BEGIN Entries shown

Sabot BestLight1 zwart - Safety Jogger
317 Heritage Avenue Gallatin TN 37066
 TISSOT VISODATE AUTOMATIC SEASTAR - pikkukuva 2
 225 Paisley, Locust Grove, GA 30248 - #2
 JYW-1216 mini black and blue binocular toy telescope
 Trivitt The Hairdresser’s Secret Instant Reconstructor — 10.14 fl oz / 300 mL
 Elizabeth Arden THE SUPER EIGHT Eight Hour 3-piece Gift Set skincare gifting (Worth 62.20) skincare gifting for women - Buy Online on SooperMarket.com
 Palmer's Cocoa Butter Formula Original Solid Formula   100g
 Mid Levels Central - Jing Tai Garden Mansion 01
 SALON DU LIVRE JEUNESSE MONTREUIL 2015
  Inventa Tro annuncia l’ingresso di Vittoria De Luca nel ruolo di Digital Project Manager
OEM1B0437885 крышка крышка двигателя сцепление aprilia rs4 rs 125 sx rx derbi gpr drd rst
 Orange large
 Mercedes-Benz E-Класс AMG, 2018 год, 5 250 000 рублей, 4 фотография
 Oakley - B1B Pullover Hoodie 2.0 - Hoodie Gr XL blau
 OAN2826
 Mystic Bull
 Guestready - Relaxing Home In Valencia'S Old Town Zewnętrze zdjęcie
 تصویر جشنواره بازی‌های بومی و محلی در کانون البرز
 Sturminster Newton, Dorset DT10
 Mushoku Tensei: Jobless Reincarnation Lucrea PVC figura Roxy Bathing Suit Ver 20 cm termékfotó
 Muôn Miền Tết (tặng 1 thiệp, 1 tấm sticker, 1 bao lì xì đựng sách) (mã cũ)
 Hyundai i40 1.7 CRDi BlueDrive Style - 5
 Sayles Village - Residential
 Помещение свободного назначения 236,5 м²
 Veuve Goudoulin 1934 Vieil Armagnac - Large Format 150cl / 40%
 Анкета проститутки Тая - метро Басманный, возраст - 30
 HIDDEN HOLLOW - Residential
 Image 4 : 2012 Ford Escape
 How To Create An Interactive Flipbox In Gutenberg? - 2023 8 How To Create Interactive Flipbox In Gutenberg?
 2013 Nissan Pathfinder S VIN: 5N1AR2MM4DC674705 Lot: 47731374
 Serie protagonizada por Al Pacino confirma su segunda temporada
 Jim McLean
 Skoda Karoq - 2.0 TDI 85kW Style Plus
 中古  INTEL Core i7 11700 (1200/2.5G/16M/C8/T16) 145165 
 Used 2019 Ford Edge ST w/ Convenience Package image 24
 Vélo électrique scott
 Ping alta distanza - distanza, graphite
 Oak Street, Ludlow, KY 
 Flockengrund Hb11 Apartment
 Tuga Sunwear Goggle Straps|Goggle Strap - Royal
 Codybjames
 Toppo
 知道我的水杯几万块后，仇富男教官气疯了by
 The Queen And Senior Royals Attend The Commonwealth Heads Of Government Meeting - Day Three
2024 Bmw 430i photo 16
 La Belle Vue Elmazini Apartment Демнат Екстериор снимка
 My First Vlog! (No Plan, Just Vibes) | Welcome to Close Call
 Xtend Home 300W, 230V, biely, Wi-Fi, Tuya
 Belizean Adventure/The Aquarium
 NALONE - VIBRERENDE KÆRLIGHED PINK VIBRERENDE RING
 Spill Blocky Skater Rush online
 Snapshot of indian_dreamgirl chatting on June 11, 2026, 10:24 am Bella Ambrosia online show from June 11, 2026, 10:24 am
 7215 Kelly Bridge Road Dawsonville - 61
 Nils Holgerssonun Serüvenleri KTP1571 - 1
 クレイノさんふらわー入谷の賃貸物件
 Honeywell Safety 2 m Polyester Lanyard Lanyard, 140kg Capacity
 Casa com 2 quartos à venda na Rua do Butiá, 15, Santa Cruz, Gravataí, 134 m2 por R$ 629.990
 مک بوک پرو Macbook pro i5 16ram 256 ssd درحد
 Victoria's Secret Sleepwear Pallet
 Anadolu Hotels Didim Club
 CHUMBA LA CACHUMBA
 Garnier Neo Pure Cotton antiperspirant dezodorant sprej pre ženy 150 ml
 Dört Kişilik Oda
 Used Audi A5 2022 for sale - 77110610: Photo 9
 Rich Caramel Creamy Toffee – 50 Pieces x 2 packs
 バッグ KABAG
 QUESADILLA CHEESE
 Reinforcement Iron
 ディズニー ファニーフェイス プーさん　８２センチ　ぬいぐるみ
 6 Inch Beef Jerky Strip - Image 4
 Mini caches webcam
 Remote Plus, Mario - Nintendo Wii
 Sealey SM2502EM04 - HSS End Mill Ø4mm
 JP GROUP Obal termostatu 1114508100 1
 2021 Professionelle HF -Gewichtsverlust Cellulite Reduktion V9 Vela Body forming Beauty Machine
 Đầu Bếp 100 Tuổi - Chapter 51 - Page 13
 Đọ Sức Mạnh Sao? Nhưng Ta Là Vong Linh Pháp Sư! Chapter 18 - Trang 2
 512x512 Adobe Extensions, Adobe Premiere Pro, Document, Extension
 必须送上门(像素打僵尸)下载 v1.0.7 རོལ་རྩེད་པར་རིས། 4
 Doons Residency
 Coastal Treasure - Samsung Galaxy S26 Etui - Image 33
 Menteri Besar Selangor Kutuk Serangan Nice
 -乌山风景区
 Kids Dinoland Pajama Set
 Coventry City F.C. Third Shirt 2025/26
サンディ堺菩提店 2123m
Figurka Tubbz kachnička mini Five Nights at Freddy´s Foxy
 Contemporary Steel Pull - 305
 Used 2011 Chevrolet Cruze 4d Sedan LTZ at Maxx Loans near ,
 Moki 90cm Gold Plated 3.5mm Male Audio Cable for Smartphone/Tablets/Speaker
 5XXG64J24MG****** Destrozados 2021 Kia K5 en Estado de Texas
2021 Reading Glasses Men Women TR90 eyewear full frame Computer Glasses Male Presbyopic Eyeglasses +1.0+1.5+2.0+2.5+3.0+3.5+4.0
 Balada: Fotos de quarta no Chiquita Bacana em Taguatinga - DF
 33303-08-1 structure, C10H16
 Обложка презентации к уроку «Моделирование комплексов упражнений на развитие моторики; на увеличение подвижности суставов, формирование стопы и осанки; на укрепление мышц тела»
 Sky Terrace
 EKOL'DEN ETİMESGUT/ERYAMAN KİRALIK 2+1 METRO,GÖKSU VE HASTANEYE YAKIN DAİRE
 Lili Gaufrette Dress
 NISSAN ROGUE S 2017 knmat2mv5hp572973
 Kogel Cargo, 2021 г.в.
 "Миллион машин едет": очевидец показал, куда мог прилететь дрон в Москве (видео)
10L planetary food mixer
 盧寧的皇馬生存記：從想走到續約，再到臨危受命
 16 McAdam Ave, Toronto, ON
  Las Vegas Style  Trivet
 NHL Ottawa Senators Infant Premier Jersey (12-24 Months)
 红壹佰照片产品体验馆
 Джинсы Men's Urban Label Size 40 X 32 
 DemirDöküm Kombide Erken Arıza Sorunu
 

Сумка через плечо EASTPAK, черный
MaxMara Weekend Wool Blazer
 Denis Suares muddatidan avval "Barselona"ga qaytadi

END Entries shown

__Exercise goal__
Write out exactly the lines that fall from the line with "OEM1B0437885 крышка крышка" to the line with "Sturminster Newton, Dorset DT10" in the records above, keeping both ends.

__Solved exercise__
OEM1B0437885 крышка крышка двигателя сцепление aprilia rs4 rs 125 sx rx derbi gpr drd rst
 Orange large
 Mercedes-Benz E-Класс AMG, 2018 год, 5 250 000 рублей, 4 фотография
 Oakley - B1B Pullover Hoodie 2.0 - Hoodie Gr XL blau
 OAN2826
 Mystic Bull
 Guestready - Relaxing Home In Valencia'S Old Town Zewnętrze zdjęcie
 تصویر جشنواره بازی‌های بومی و محلی در کانون البرز
 Sturminster Newton, Dorset DT10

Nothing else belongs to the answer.